This brush with near death put him on a path to “pay if forward,” reach out to young students to help them achieve their life goals in their field of choice – aviation.

It was full circle Thursday for Rowe. 

“Skilled trades educators are crucial to helping students stay engaged and motivated in high school,” said Danny Corwin, executive director of Harbor Freight Tools for Schools. “These amazing teachers connect students to promising careers, show them how to apply academics to the real world and help them feel pride and accomplishment, something might not experience in all their classes.”

Three first-place $100,000 awards were given to a manufacturing teacher in Arizona, a landscape operations teacher in Florida and a welding teacher from Missouri. There were 15 second-place winners. Harbor Freight also donated $32,000 to 32 semifinalists. 

Harbor Freight tools Midwest regional manager Kevin Hungate did the honors at McGavock. As part of the special presentation to Rowe, local luminaries such as state Rep. Darren Jernigan, Metro-Nashville councilmembers Jeff Syracuse and Steve Glover and Metro-Nashville school board member Anna Shephard joined the presentation.

McGavock Aviation and Transportation Academy principal David Hubbel said the application Rowe turned in for consideration for the award was a month’s long process.

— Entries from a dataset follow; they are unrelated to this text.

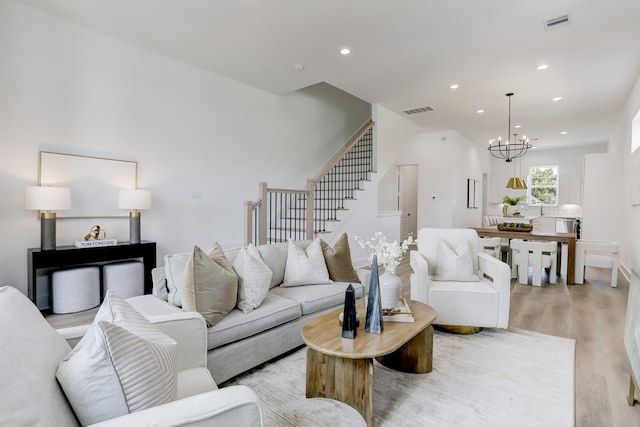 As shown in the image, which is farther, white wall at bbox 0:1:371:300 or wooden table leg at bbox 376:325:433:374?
white wall at bbox 0:1:371:300

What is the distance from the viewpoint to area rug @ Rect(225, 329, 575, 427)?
184 centimetres

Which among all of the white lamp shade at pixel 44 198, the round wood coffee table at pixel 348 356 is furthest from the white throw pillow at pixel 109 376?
the white lamp shade at pixel 44 198

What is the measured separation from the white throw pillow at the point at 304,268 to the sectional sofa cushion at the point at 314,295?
0.18ft

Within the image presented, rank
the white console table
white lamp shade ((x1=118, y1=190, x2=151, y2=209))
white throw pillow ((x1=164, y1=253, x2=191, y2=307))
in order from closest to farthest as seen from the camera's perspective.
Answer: the white console table → white throw pillow ((x1=164, y1=253, x2=191, y2=307)) → white lamp shade ((x1=118, y1=190, x2=151, y2=209))

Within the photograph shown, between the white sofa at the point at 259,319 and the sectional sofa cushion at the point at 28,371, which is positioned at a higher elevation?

“There were more than three hoops to jump through and a lot of work,” Hubbel said. “[Rowe] stuck with it.”

Wall also expressed delight and admiration for all of Rowe’s work to showcase the skilled trade program at McGavock. 

“The aviation program here at the school is unlike any others in this area,” Wall said. “We are a benchmark.”

Rowe was humbled at the surprise and praised the students and school officials. 

He talked of their partnership with Southwest Airlines and other businesses in the field. 

“While we are training future pilots and maintenance workers, the real purpose is not to train, because if they can pass this program, they can do anything they want to do,” said Rowe. 

He said the biggest challenge is some students already have a mindset that they won’t have the finances to carry on after they graduate.

“This is so not true,” said Rowe. “Some get scholarships. Eric Smith, owner of Harbor Freight, didn’t even graduate.”

Smith started Prize for Teaching Excellence in 2017 to recognize extraordinary public high school skilled trades teachers and programs.

Rowe’s first program students graduated in May. Of 32 seniors, 14 chose the workforce or military. Six enrolled in technical colleges, and 12 enrolled in four-year universities.

Rowe said they earned $1.7 million in scholarships.

“The blossoming talent I’ve witnessed in our young men and women has been life-changing,” he said. “For me, it’s a reminder of the time in my life when someone believed in me, when I was told I could succeed and was given the tools to do so.”

Rowe said the entry was based on the aviation maintenance pathway. They are building a Van’s RV-12 aircraft.

“The goal for the students is to have it completed by the summer of 2021 and fly it into Airventure Oshkosh, the biggest and most famous of the general aviation festivals in the world,” he said. “Secondly, there’s our restoration of the Royal Canadian Air Force Harvard mark 4, a five-year project where the students are restoring a Second World War fighter trainer. The goal here is to have the aircraft completely restored to its original condition and fly it into Airventure in the summer of 2023.”

Also, his students have the opportunity to get their pilot certificate.

“So, they build them and fly them,” he said. “I am merely a facilitator of their opportunity to achieve great things and make their dreams come true.”